Design by contract makes specification central part of design process. Design starts from building requested specification. Initial specification is factored and transformed, so that task is divided into simpler parts up to stage when subtasks can be done by existing routines or subtask is simple enough to code directly. Design by contract can be done at various levels of formality. At one end there may be set of tools that store design documents, each step is verified either by special checker routines or by human reviewers. There may be process of approvals and "sign on". Less formal process is also a possibility. At informal end it is possible to have no formal documents, but still use design by contract as a guide.

FriCAS design is based on design by contract.

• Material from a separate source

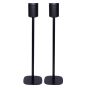 Set van twee speakerstandaards met Sonos One zwart set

Design process is rather informal. But since FriCAS deals with mathematics there are precise definitions of subject domain. Of course, in practice there is some fuzz and variation in definitions. For example some authors define rings to have unit with respect to multiplication, some other do not require this. FriCAS must provide specific definition (in case above FriCAS have Ring which assumes unit and Rng where unit is not required). Nevertheless, remaining rather informal FriCAS routines have rather precise specification. Of course, there are bugs, and specification bugs need fixing like other bugs. And there is room for improvement for things which are not bugs but could be better/clearer. On the other hand some specification are loose by design: the intent of loose specifications is to allow wider applicability (in particular more implementations)

As an example how design by contract differs from more traditional design consider modifying some function F and checking if change is acceptable. Traditional approach would search for uses of F and analyse impact of change on each user. Design by contract looks if changed F stil satisfies old specification. The practical difference is that design by contract may accept change to F that breaks some user and fix users that depended on properties outside of contract. Opposite is possible too: design by contract my reject change because it breaks contract, even if all existing users work with change (depend on weaker contract).